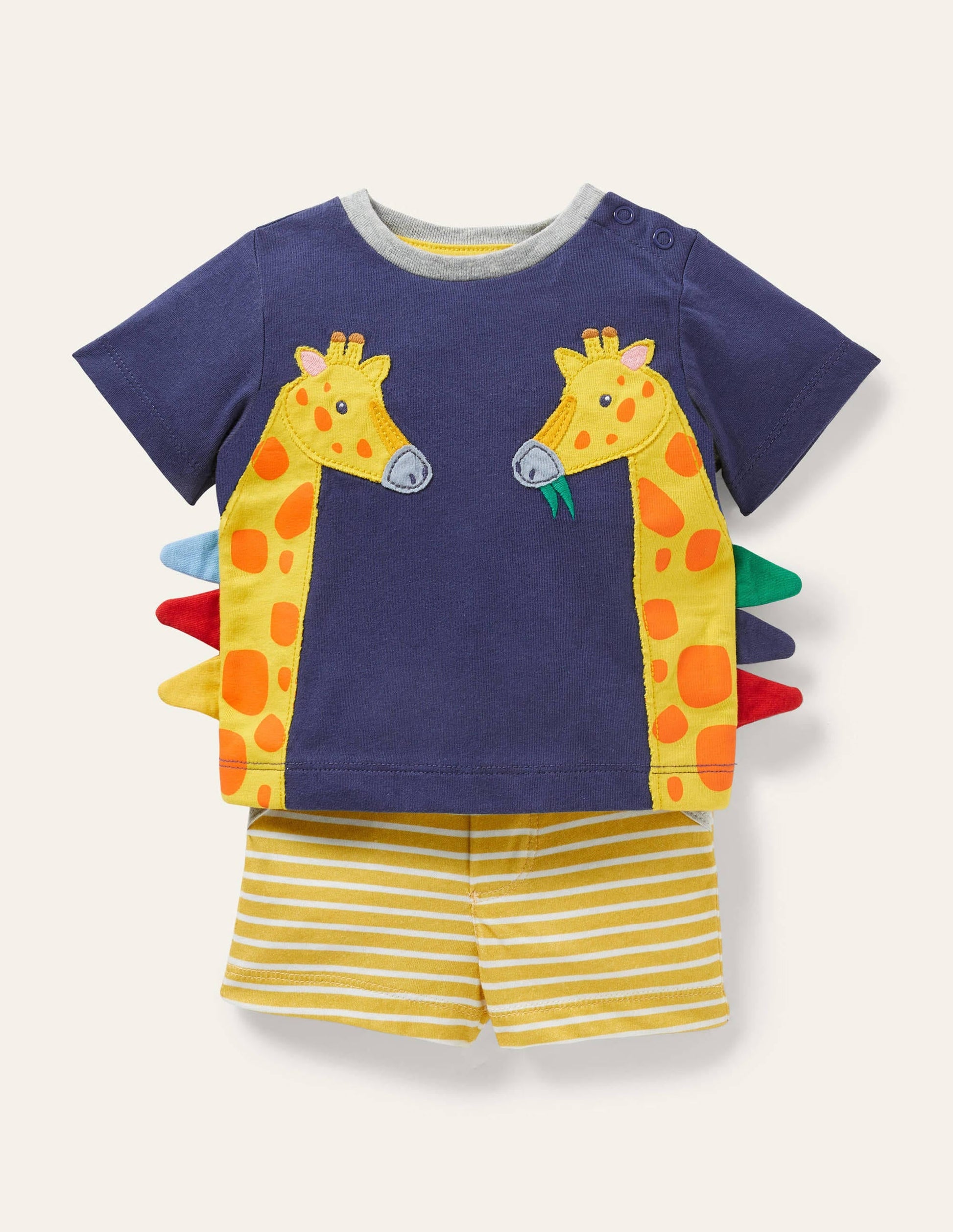 Appliqué T-shirt & Shorts Set-Starboard/Ivory Giraffe-1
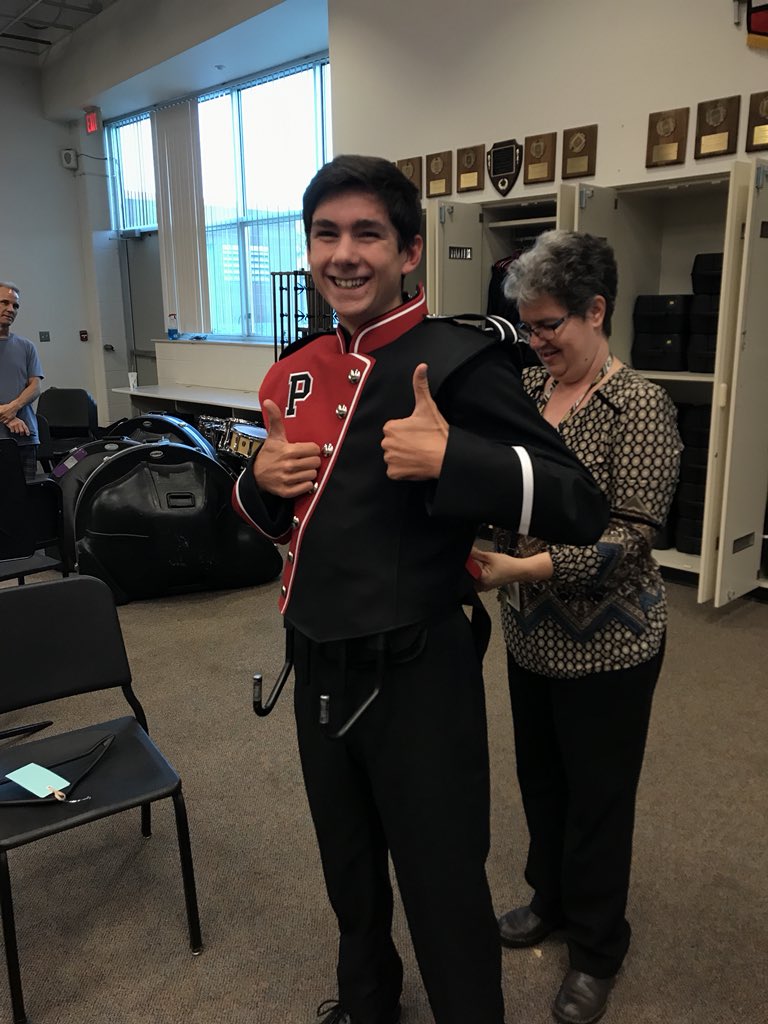 pchsmarching's tweet photo. Uniforms are in and it’s safe to say that we’re pretty excited to show everyone on Friday! Happy homecoming week pirates🎵 #lookingslick #goband https://t.co/dGS80opaPN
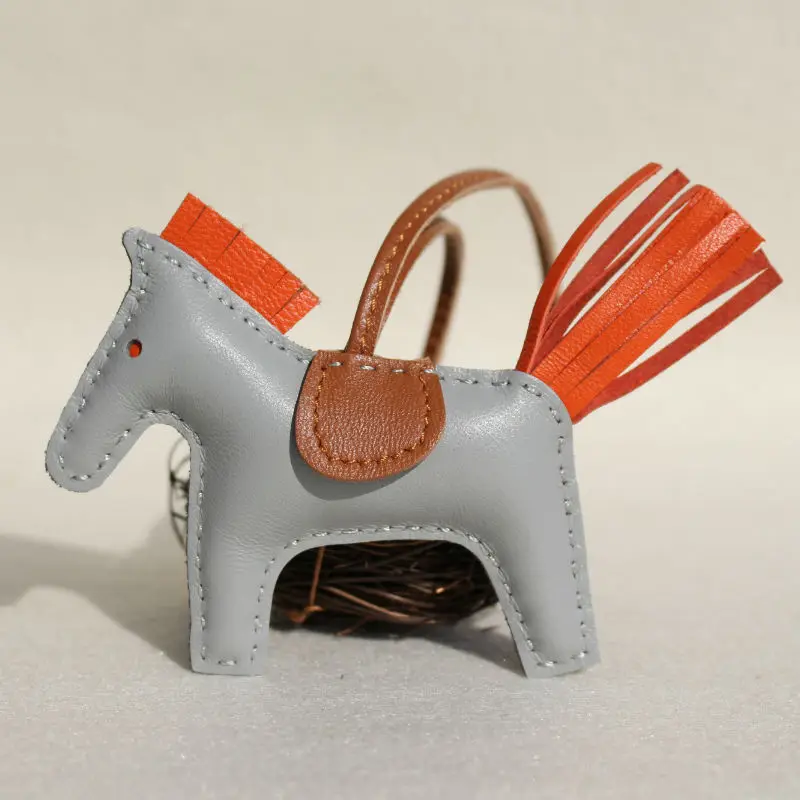 Mini Grey Бренд ручной работы овечья кожа натуральная кожа мини брелок Лошадь Подвеска для рюкзака животное брелок для женщин сумка Шарм аксессуары - Цвет: Mini Grey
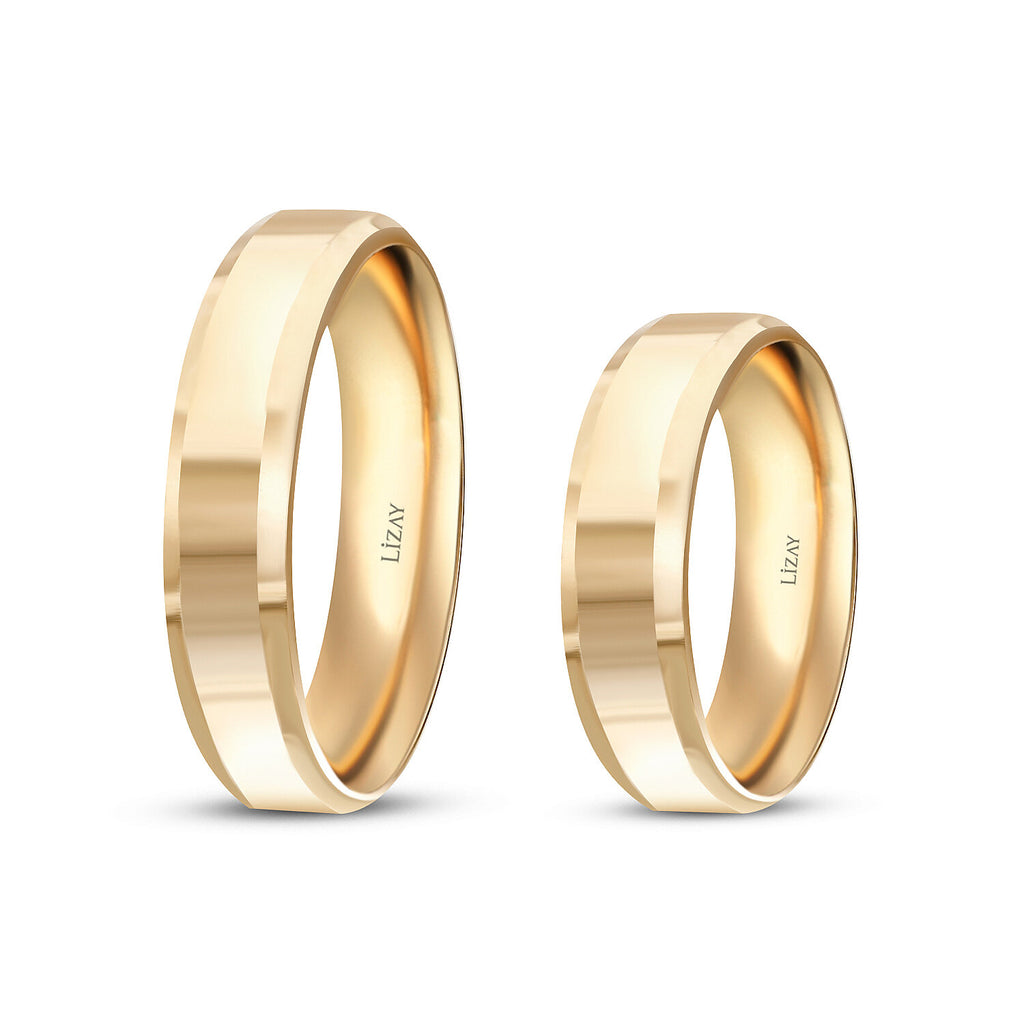 His and Hers Gold Wedding Band Set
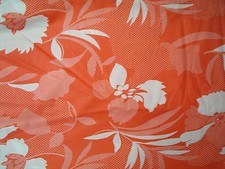 COUPE TISSU COTON SATINE FLEURS ET POIS CORAIL / ECRU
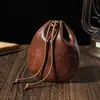 Bolsa para monedas de cuero encerado con cordón Estilo Retro Mini Cuero Suave Bolsa Pequeña de la Suerte Becerro Completo Joyería Monedas Cartera Pequeña
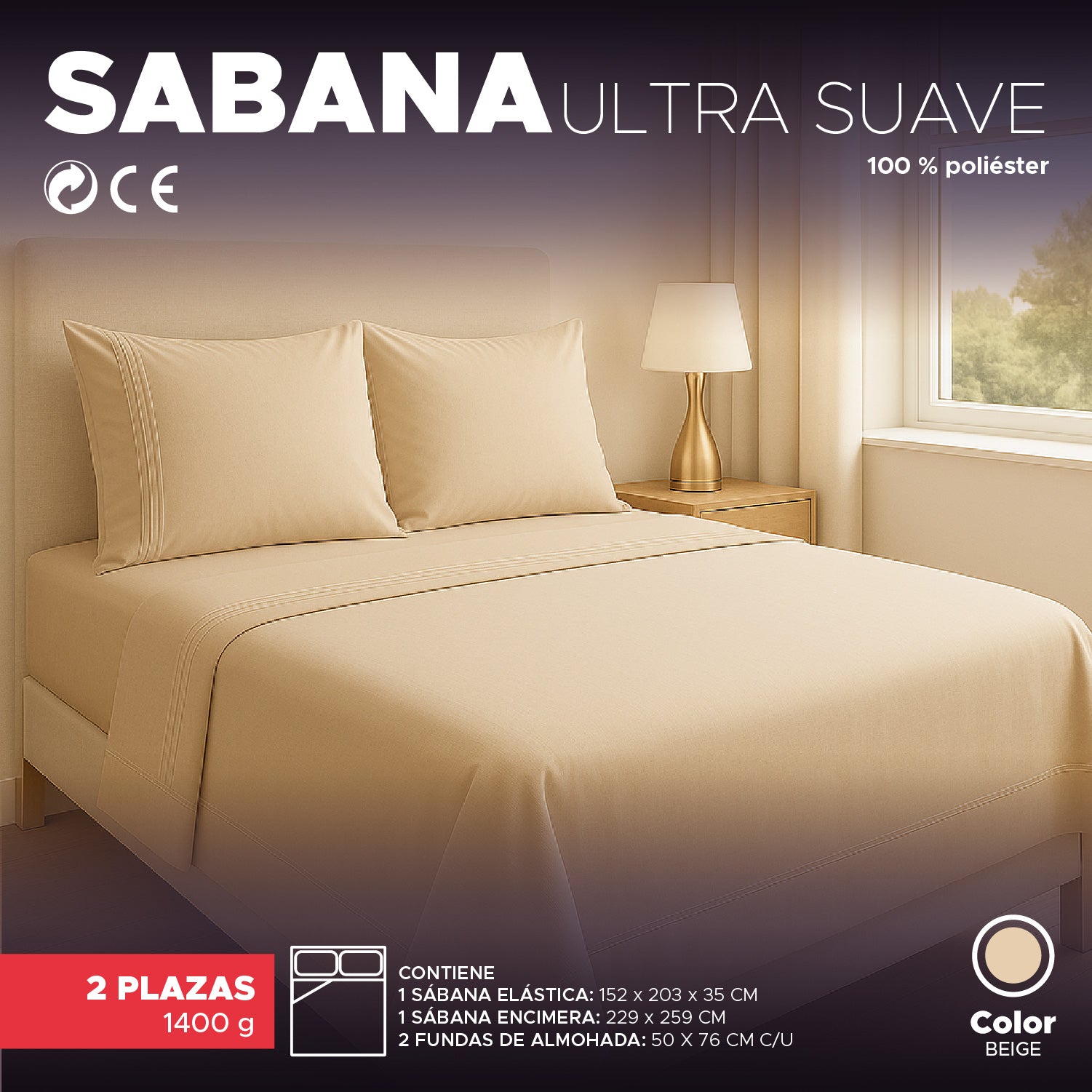 Juego de Sábana Beige 1800 Hilos Ultra Suave 2 plazas Vincenzi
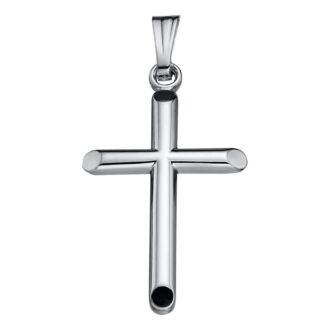 Sterling Silver Polished Flat-End Cross, 18" Rolo Chain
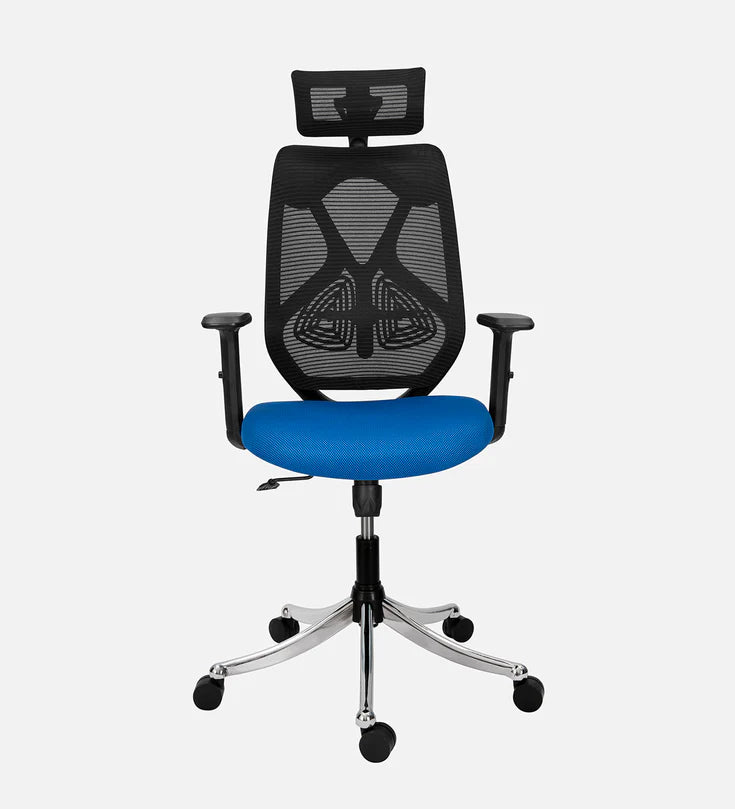 Spyder Craft Ergonomic High Back Chair in Metal Base (Blue) BLACK
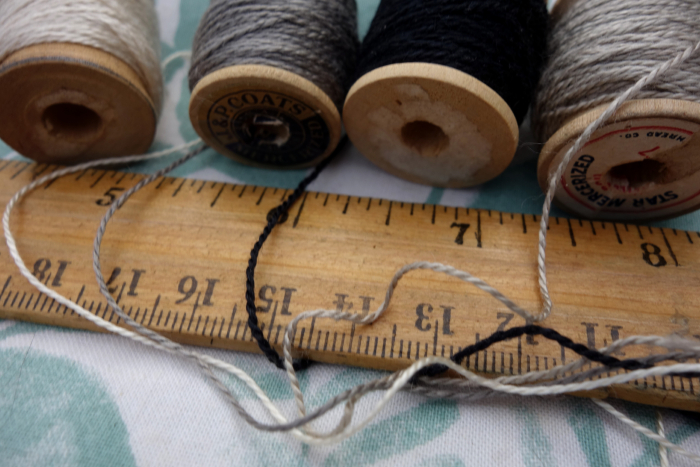 naturally dyed black gray and white silk thread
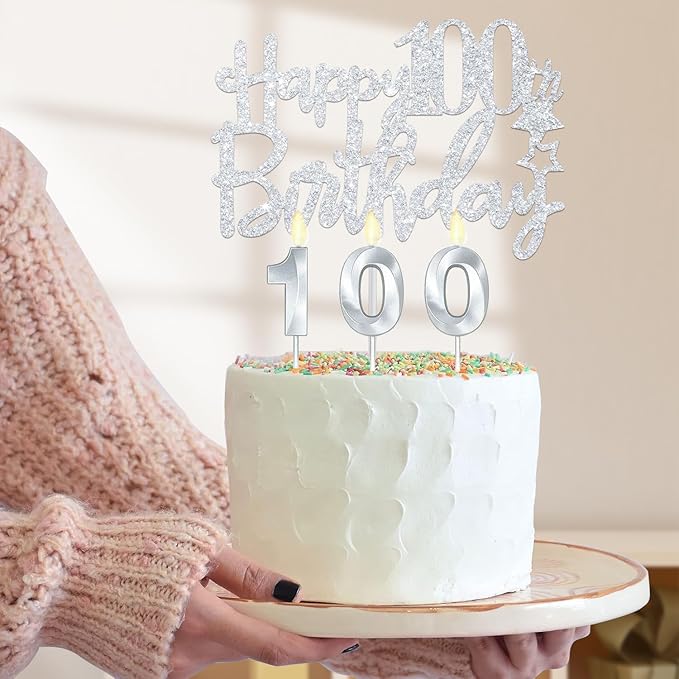 100th Birthday Decorations for Women Silver with 100th Birthday Sash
------
- _Exercise aim_
Exclude all pictures and return precisely the lines from the one containing "naturally dyed black" through the closing line of the data.

- _Reply to the task_
 naturally dyed black gray and white silk thread
 100th Birthday Decorations for Women Silver with 100th Birthday Sash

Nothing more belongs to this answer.